I wouldn’t say that. One of the things I liked about DragonFly early on was that it was much less irritating than was FreeBSD at the time, due to many small things the DragonFly folks had done to make the system “more friendly.” It’s the lack of pkgsrc developers that is causing most of the grief I am having with the system here and now. Well, that and documentation.
Edited 2006-01-20 02:54
I generally follow the DFly Digest at http://shiningsilence.com/dbsdlog/ and most of the articles are either something kernel-ish, or something bizarre to do with pkgsrc (I generally focus on all the kernel stuff). I generally got the impression that high-level concerns weren’t really on the developers’ radar, but I guess they are (and Joerg in particular) trying to cover all bases. pkgsrc seems like a really cool system to me, and I hope that after a little time they’ll be able to get it working properly.
I’m still not clear on the licensing issues behind the port of Sun’s ZFS, but I’m sure Matt has some vision has to how this will all fit in. It certainly sounds like it’d be a worthy replacement filesystem.

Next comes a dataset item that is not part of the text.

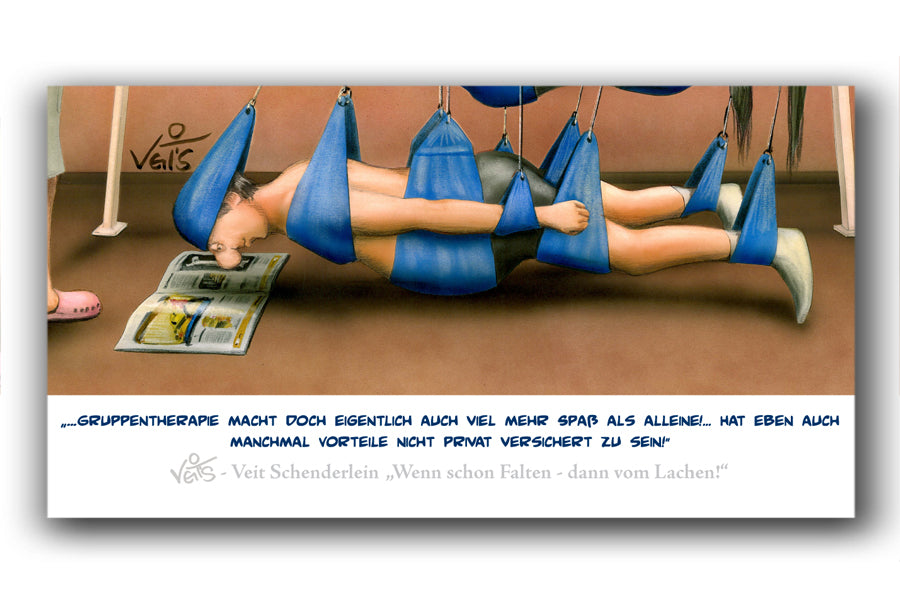 Bild Karikatur Cartoon Physiotherapie Schlingentherapie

There was (at one stage) a Xen port of DFly in progress by Kip Macy (the dude who did process checkpointing). He switched to implementing this support for FreeBSD because then he was allowed to do it in his work time. It’d be really cool to see that code (which is now going into the FreeBSD mainline) ported back into DFly too (most of the hard work is in the architecture dependent code and the device drivers, so in both cases the interfaces have hopefully not diverged so much as to make this very tedious).